Pasaron algunos días durante los cuales no fue a Suertebella sino una sola vez, a dejar la tarjeta de pésame. En aquella breve temporada vivía la mayor parte de las horas fuera de su casa, y dando completamente de mano a los estudios, no se ocupaba de sus libros más que para empaquetarlos en grandes baúles. Iba con frecuencia a círculos y reuniones, donde sus amigos le hallaban taciturno, insensible al interés de la charla, de la noticia, del comentario.

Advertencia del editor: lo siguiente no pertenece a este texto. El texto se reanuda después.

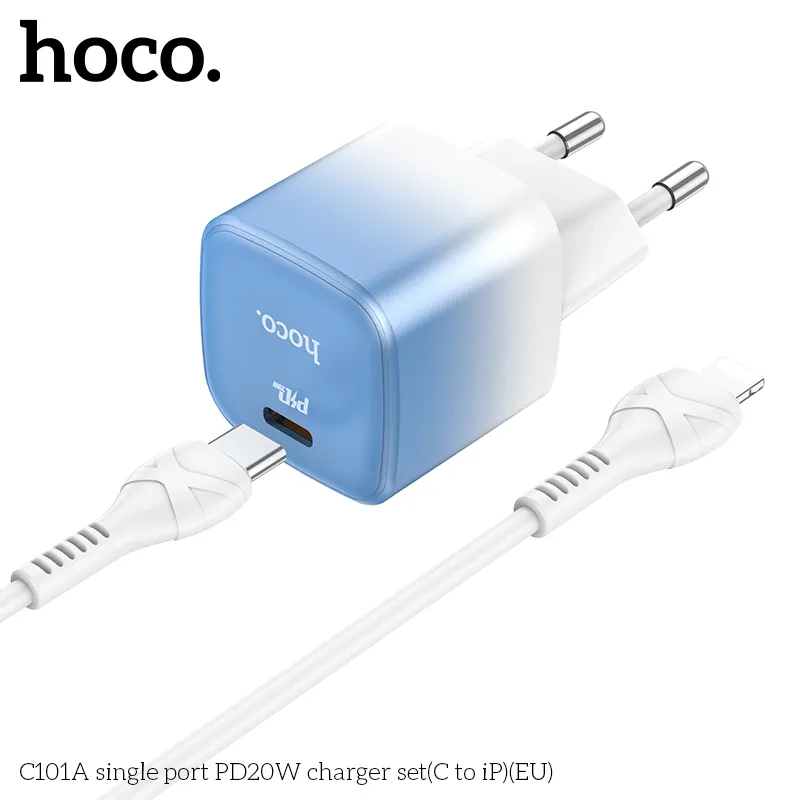 Bộ Sạc Hoco C101A chống cháy vật liệu PC+ABS bền bỉ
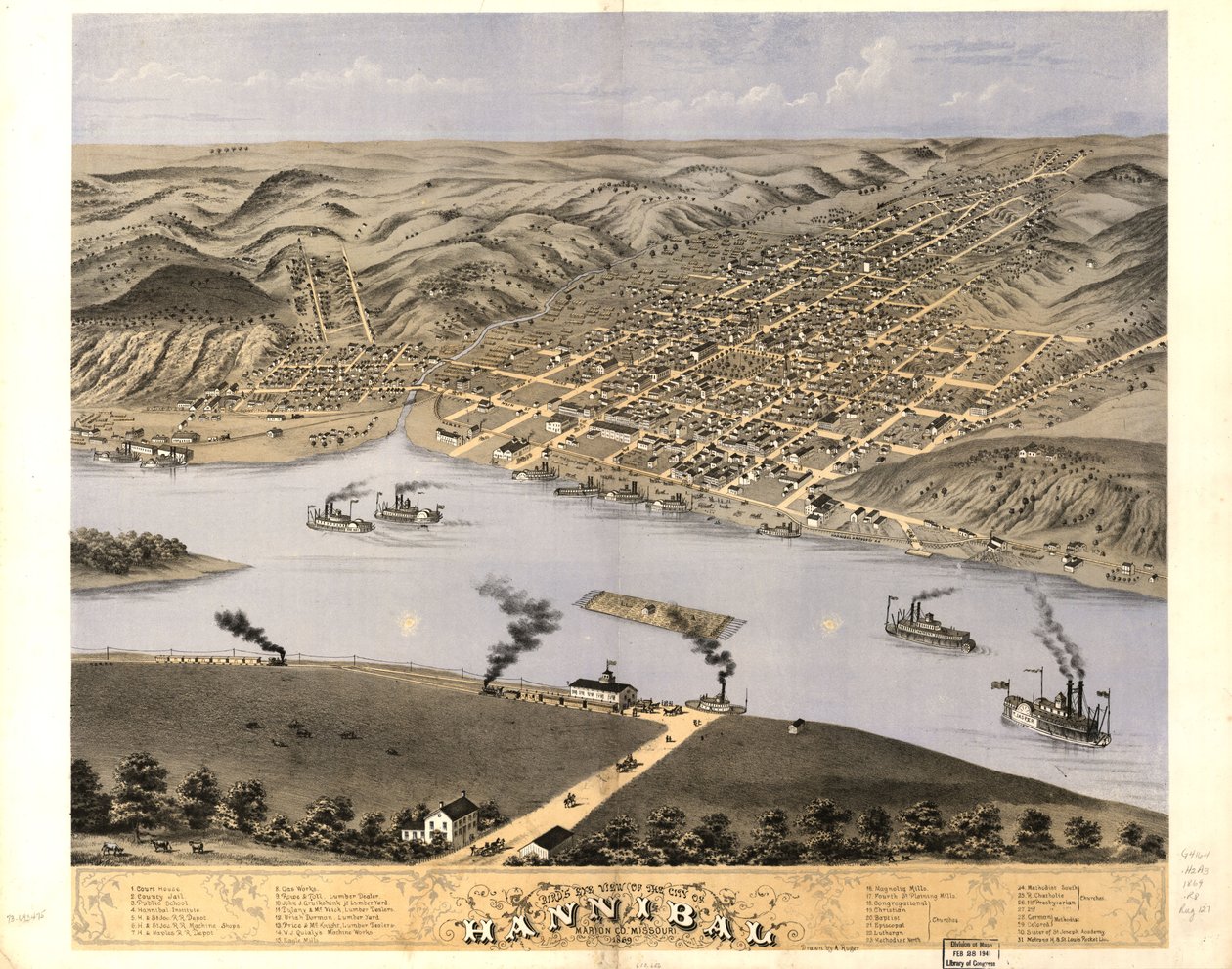 Vista aérea de la ciudad de Hannibal, condado de Marion, Misuri 1869. LOC 73693475 de A. Ruger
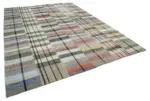 Chaput Patchwork Multi Renk Pamuk Üzerine Yün El Dokuma Kilim-260x370 - Görsel 2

Hablaba tan sólo de su viaje, sin decir a dónde; de una ausencia larga, y si otro tema a su boca venía, tratábalo con cruel sarcasmo y amargura, modos bien distintos de aquella su antigua manera serena y elevada, de ver las cosas de la vida, los hechos y las personas.

Una noche (empezaba ya el mes de Abril) entró en su casa después de las once. Abriole la puerta el ayuda de cámara.

-¿Por qué no me abrió la puerta Felipe como de costumbre? -preguntó León.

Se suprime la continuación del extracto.